Nimet de, minnet ve iyiliktir, nunun fethi ile na’ma ile namet de öyledir. Nimetten, çoğul olarak nimetler kastedilmiştir. Tekil yapılması tekilin çoğul yerine de kullamlmasındandır, meselâ:

"Arkasından melekler de yardımcıdır” (Tahrim: 4) âyetinde olduğu gibi ki, yardımcılardır, demektir.

Bu nimetten ne murat edildiğinde de üç görüş vardır:

Birincisi: Tevrat’ın âyetleri içine Peygamber sallallahu aleyhi ve sellemin sıfatlarına dair koymuş olduğu şeylerdir, bunu İbn Abbâs demiştir.
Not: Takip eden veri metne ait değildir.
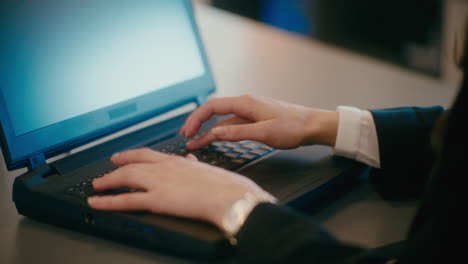 businesswoman working on laptop at workplace.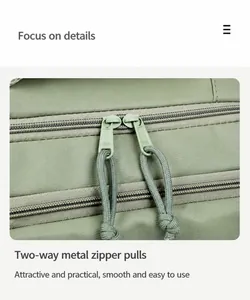 Close-up of premium two-way metal zippers and sage green nylon fabric on travel backpack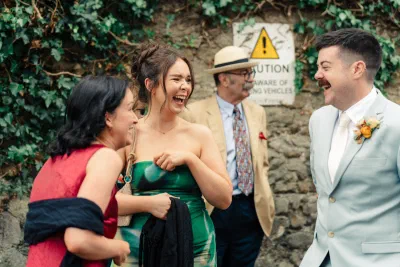 Candid moment of wedding guests laughing, documentary wedding photography Ireland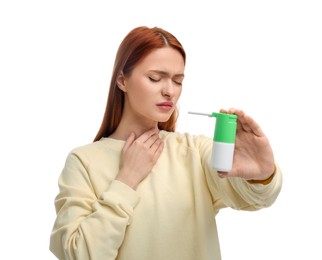 Young woman holding throat spray on white background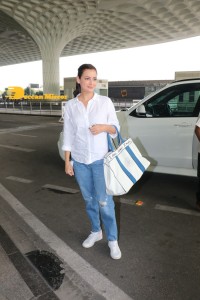 Dia Mirza in a white shirt and blue jeans at Mumbai Airport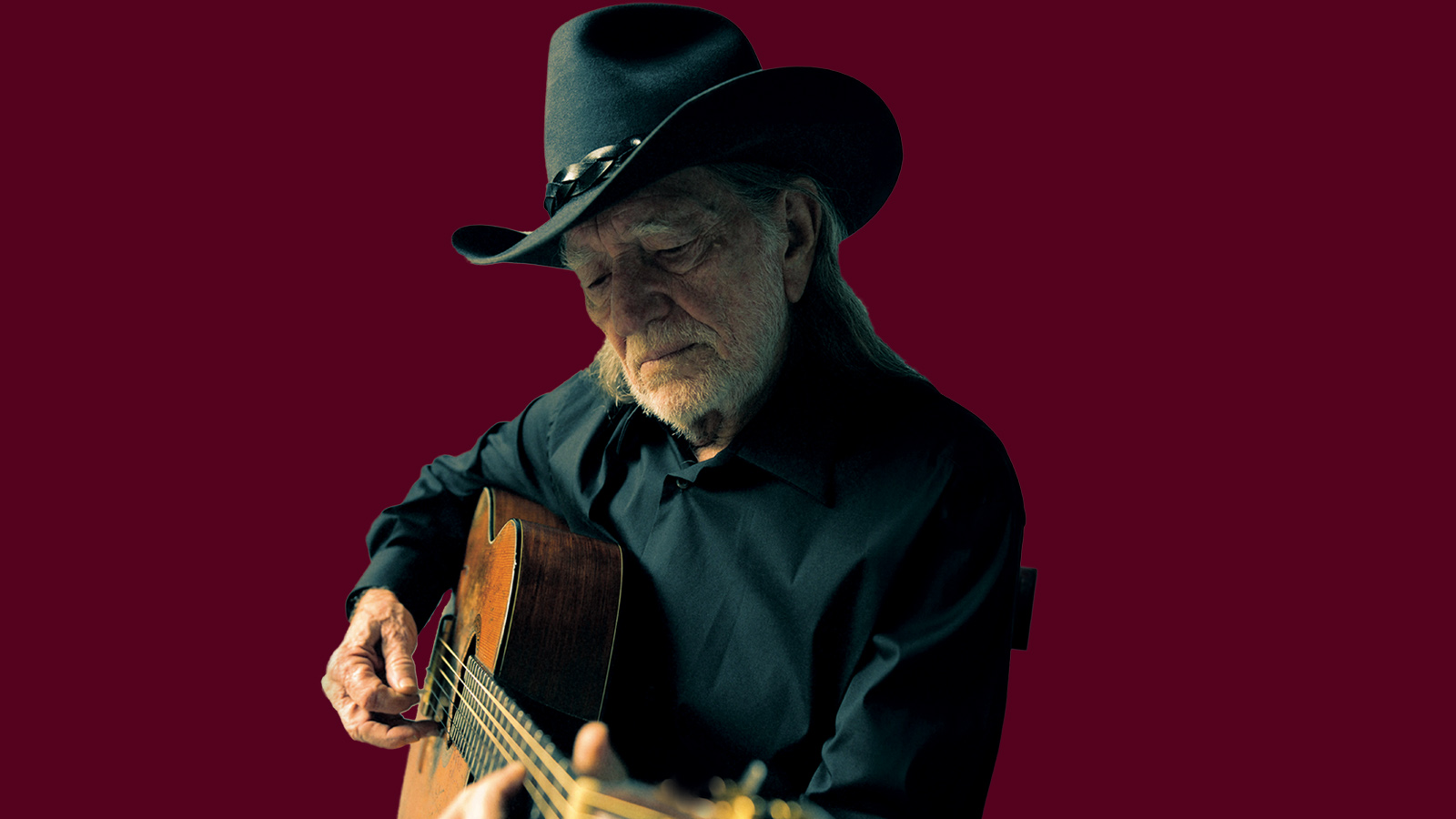 Willie Nelson playing guitar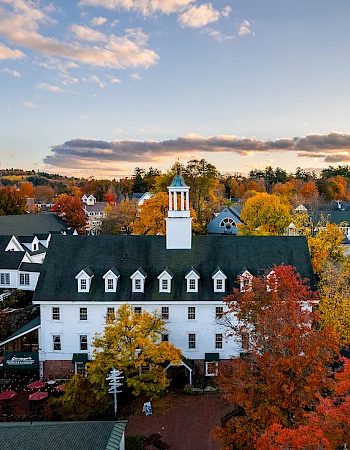 A picturesque aerial view of a quaint town with autumn foliage, charming buildings, and a distinctive central tower under a partly cloudy sky.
İkincisi: Babalarını ve dedelerini Fir’avn ailesinden kurtarmış olması ve buna benzer şeylerdir, bunu da Hasen Basri ile Zeccâc demiştir. Çünkü ataların iftihar ettiği şeyler çocukları için de iftihar vesilesidir.

Üçüncüsü: O çeşitli haller göz önüne alınarak bütün nimetlerdir. Onu hatırlamaktan maksat da ona şükretmektir, çünkü şükretmeyen hatırlamış değildir.

Evfu (yerine getirin):

Ferrâ’ şöyle demiştir: Hicazlılar: Evfeytü derler, Necitliler de elifsiz olarak: Vefeytü derler.
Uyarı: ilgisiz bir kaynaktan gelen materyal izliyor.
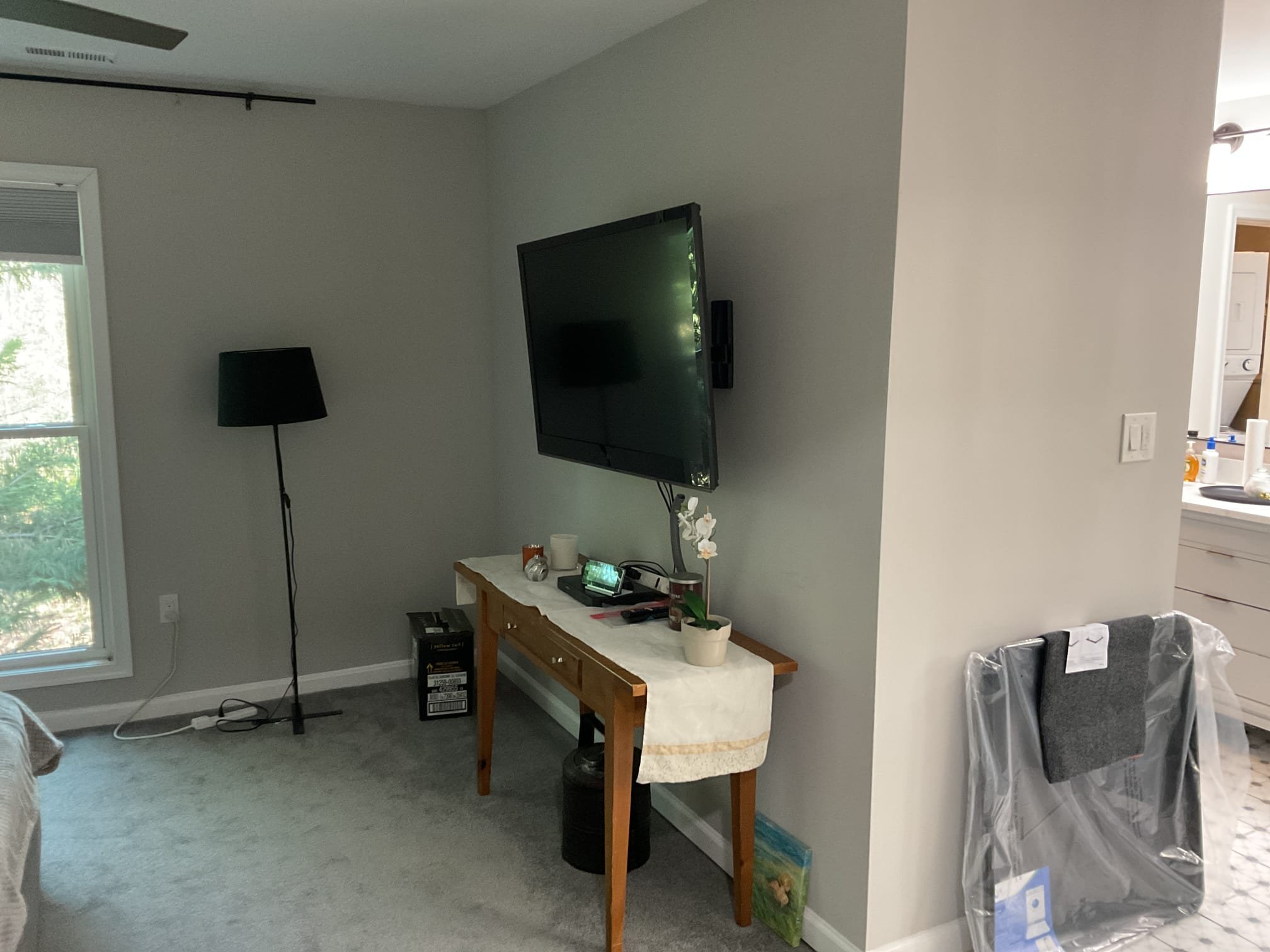 Today’s visit was to look at adding a dedicated circuit to supply power to a new washing machine. The washer/dryer will be individual units replacing a current 240V stackable laundry center. The current 30 Amp line will support the new dryer, but a new 120V/20A line is necessary for the washing machine. I started by taking a look at the location of the laundry, which is in the master bathroom’s water closet. To run the new circuit, we would be bringing a line from the electrical panel located in the basement in the front left corner of the home. We would take the new circuit and fish through a bulkhead in the basement, continuing on the exterior of the home underneath the deck, and then up the exterior wall to bring the circuit inside. The circuit would be installed with a new GFCI-protected breaker to meet current code standards/safety minimums. During my visit, I noticed a lack of whole-home surge protection and provided a solution that also included the installation of a PSP Vortex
Zeccâc da şöyle demiştir: Vefa bilhadi ve evfa bİlâhdi, denir. Şu örnekte olduğu gibi:

İbn Tavk’a gelince, sözünü yerine getirdi,

Tıpkı Süreyya'yı isterken Deberan’ın yirmi yıldız sözünü yerine getirdiği gibi.
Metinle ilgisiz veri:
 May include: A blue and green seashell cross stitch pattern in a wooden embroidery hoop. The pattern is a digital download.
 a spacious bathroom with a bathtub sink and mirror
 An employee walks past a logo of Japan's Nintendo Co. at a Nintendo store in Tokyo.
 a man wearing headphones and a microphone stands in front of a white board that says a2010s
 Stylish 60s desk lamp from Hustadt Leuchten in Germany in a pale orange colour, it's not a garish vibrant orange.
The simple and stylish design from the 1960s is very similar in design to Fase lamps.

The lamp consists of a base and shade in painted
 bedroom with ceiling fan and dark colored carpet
İbn Kuteybe de şöyle demiştir: Vefeytü bİlâhdi ve evfeyü bihi, evfeytülkeyle denir, başka yerde kullanılmaz.

Bu sözde dört görüş vardır:

Birincisi: Onlara Tevrat’ta Muhammed sallallahu aleyhi ve sellem’in sıfatlarını bildiren âyetlerdir, bunu Ebû Salih, İbn Abbâs’tan rivayet etmiştir.

İkincisi: Allah’ın emirlerini yerine getirmek ve yasaklarından kaçmaktır, bunu Dahhâk, İbn Abbâs’tan rivayet etmiştir.

Üçüncüsü: İslâm’dır, bunu da Ebû’l - Âliyye demiştir.

Dördüncüsü: Şu âyette alman sözdür:

"Yemin olsun ki, Allah İsrâil oğullarından söz aldı ve onlardan on iki nakib gönderdik.” (Maide: 13) Bunu da Katâde demiştir.

"Ben de sizin sözünüzü yerine getireyim":

İbn Abbâs: Sizi cennete girdireyim, demiştir.

"Yalnız benden korkun": Burada geçen rehb korkmak manasınadır.